Working data
┏━━
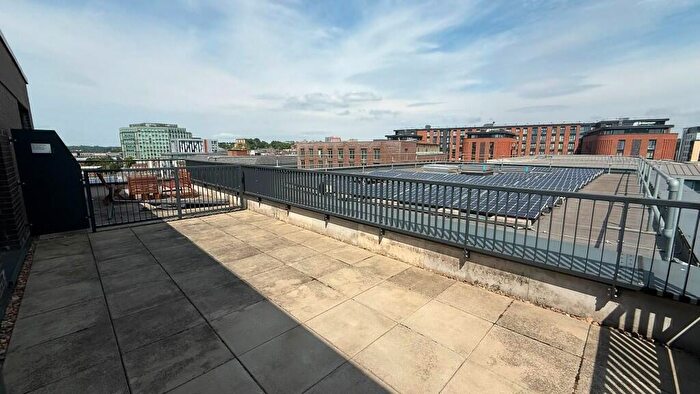 2 Bedroom Apartment To Rent In Crocus Street, Nottingham, Nottinghamshire, NG2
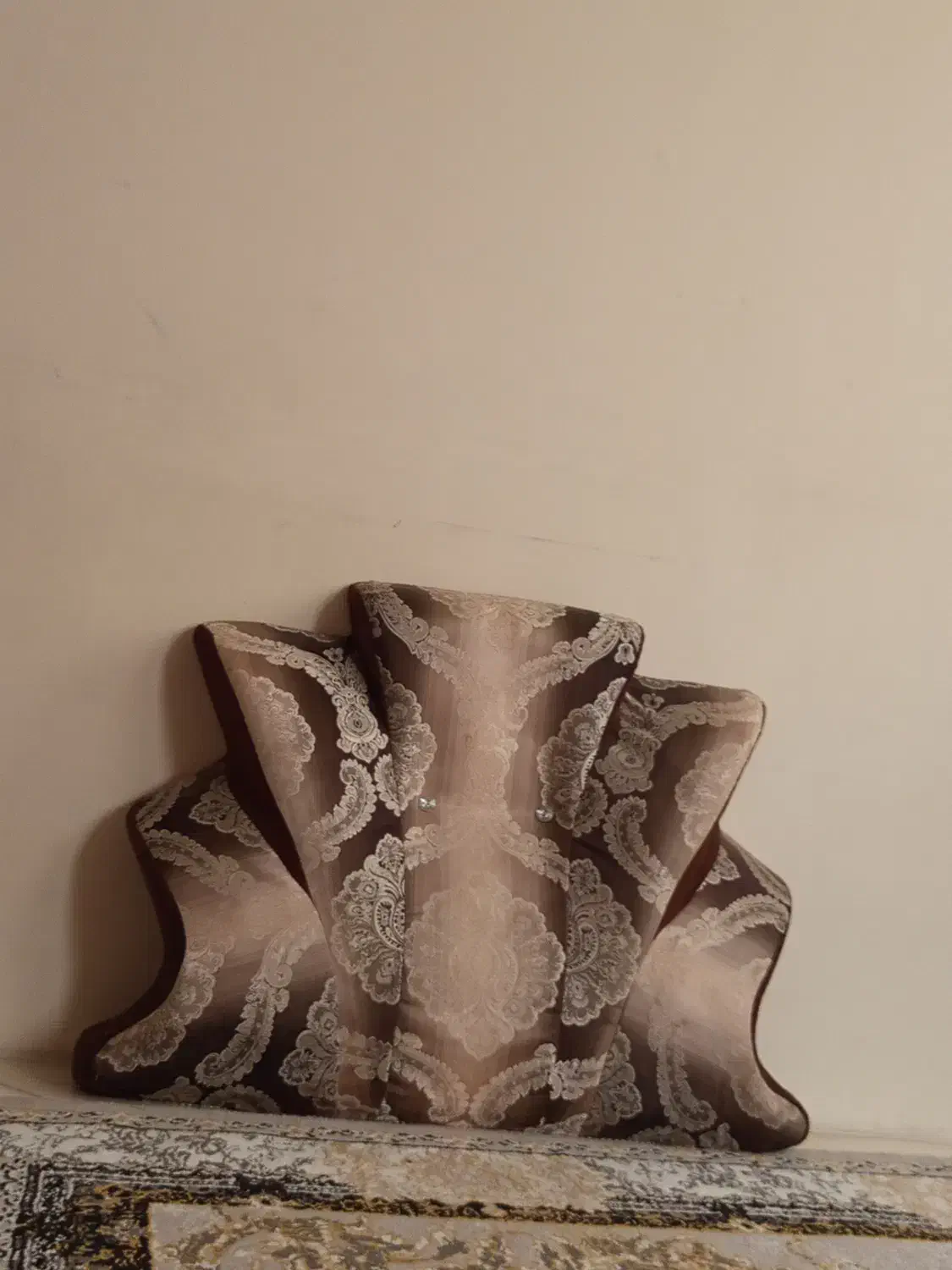 پشتی|پشتی|فردیس, شهرک ارم|دیوار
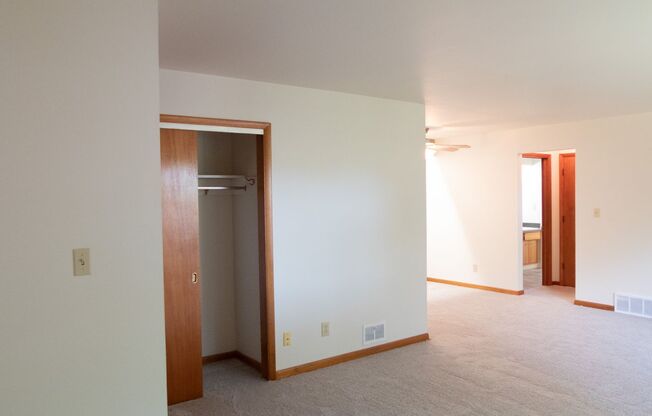 1 bed, 1 bath, 775 sqft, $1,125, Unit 1593H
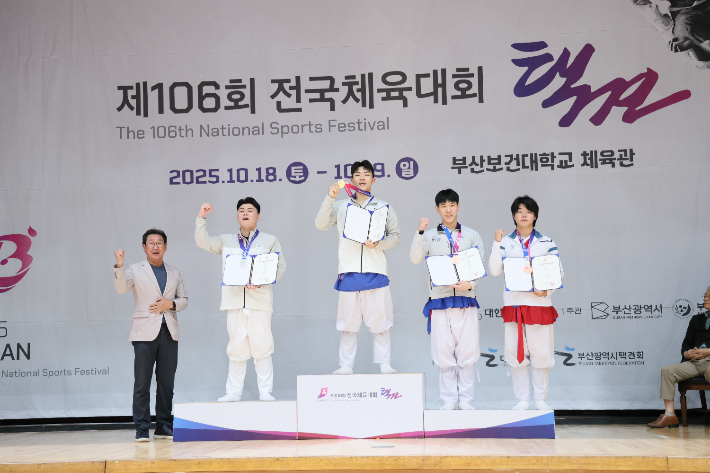 금메달을 목에 걸고 포즈를 취하는 박진영(사진 왼쪽에서 세번째). 대한택견회 제공
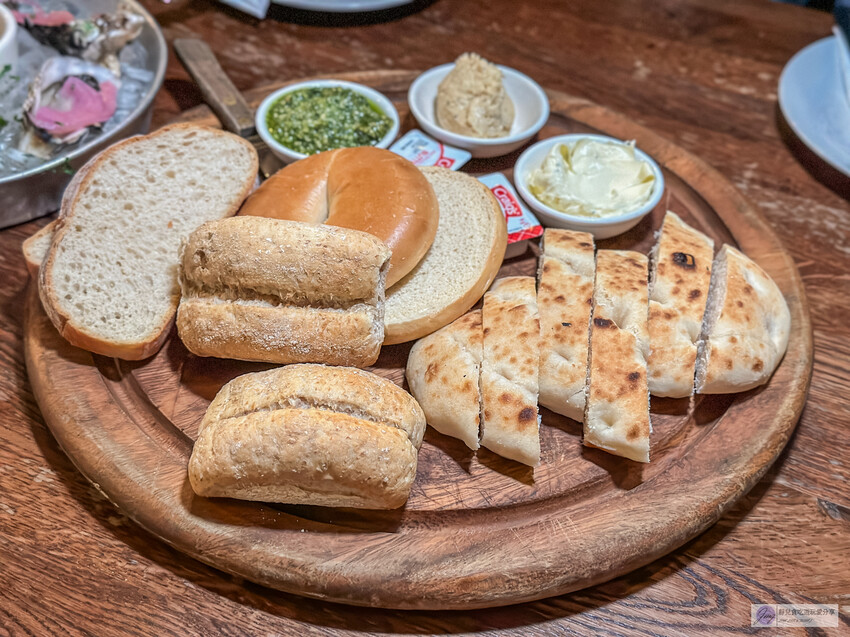 紐西蘭130年老字號The Occidental海鮮酒吧。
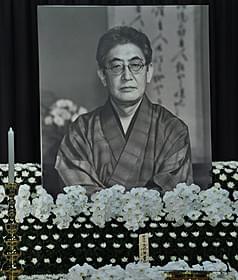 ビートたけしら800人が弔問「御法度」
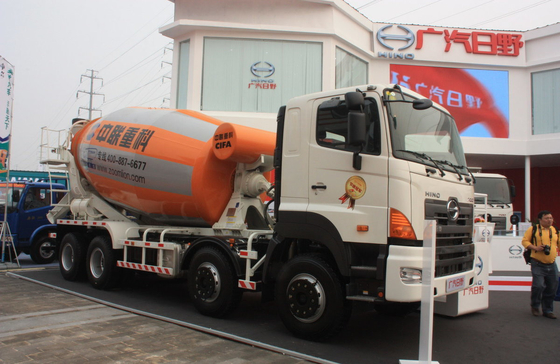 Trucks Betonmixer 350 pk Zoomlion Tanker 8*4 Hino Mixing Euro 3 Gebruik in Afrika
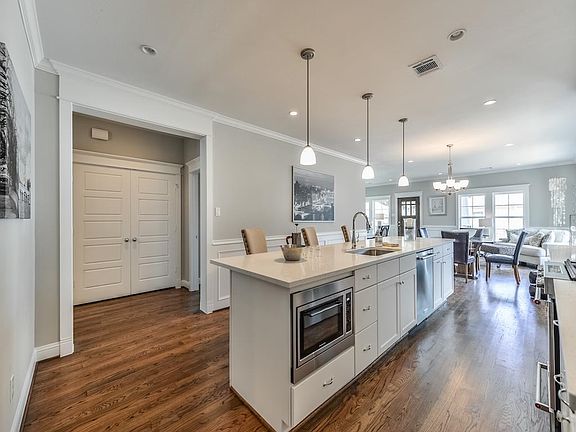 Another view of the impressive kitchen.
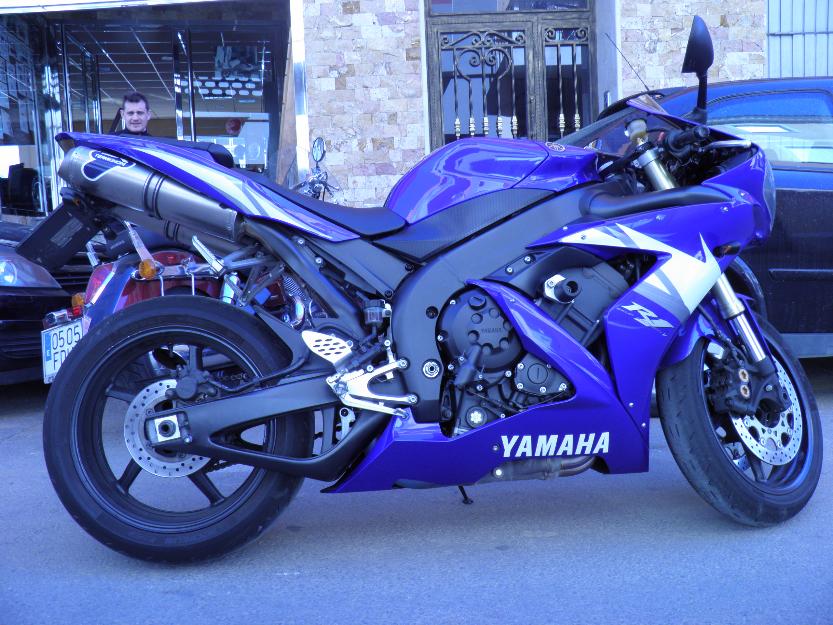 Yamaha yzf r1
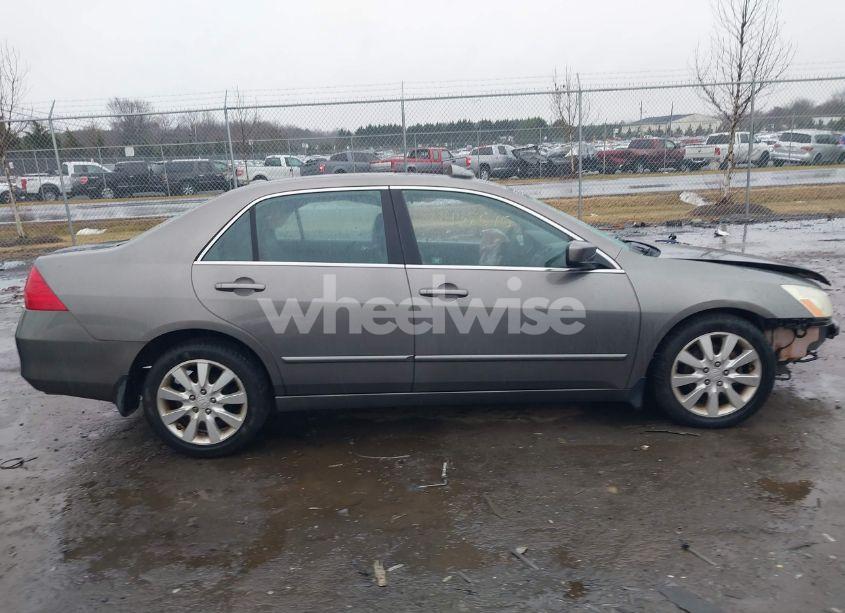 Photo 13 of 2006 Honda Accord 3.0 EX (VIN 1HGCM66576A072521)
┗━━
Where the line with "ビートたけしら800人が弔問「御法度」" appears in the entries above, begin there and restate every line to the end word for word, minus the pictures.

 ビートたけしら800人が弔問「御法度」
 Trucks Betonmixer 350 pk Zoomlion Tanker 8*4 Hino Mixing Euro 3 Gebruik in Afrika
 Another view of the impressive kitchen.
 Yamaha yzf r1
 Photo 13 of 2006 Honda Accord 3.0 EX (VIN 1HGCM66576A072521)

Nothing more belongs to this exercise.